WORK ORDER - Starting with the first line and ending with the one that holds "Vương Phi - Âm Động Thiên Hạ: Chapter 10", retype the entries exactly.

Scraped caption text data
= = = = =
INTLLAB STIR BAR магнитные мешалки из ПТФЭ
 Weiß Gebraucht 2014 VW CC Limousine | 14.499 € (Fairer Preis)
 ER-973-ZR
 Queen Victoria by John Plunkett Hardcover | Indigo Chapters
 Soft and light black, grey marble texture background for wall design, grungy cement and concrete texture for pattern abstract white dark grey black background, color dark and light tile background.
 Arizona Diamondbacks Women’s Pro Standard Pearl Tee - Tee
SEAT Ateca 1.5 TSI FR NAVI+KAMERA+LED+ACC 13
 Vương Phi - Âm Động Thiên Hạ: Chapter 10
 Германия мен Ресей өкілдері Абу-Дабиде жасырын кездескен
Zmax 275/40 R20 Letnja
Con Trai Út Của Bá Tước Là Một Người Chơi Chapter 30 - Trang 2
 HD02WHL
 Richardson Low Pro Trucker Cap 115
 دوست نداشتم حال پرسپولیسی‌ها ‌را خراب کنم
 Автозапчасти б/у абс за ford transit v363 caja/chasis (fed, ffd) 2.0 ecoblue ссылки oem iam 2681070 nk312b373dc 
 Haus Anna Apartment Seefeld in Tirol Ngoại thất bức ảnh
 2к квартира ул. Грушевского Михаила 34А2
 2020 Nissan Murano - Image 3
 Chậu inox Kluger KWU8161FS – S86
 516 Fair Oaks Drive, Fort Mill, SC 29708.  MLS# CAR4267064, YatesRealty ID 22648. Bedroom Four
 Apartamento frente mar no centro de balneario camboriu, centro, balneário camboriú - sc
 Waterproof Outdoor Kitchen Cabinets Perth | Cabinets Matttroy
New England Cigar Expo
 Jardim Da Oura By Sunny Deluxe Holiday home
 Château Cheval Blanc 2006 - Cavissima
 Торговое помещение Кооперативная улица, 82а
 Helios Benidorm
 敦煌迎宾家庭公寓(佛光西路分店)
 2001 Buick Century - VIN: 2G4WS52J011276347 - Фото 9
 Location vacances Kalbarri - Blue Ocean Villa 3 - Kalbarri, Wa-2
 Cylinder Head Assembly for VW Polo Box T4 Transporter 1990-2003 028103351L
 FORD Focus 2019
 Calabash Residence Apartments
= = = = =
RESPONSE TO THE TASK -
INTLLAB STIR BAR магнитные мешалки из ПТФЭ
 Weiß Gebraucht 2014 VW CC Limousine | 14.499 € (Fairer Preis)
 ER-973-ZR
 Queen Victoria by John Plunkett Hardcover | Indigo Chapters
 Soft and light black, grey marble texture background for wall design, grungy cement and concrete texture for pattern abstract white dark grey black background, color dark and light tile background.
 Arizona Diamondbacks Women’s Pro Standard Pearl Tee - Tee
SEAT Ateca 1.5 TSI FR NAVI+KAMERA+LED+ACC 13
 Vương Phi - Âm Động Thiên Hạ: Chapter 10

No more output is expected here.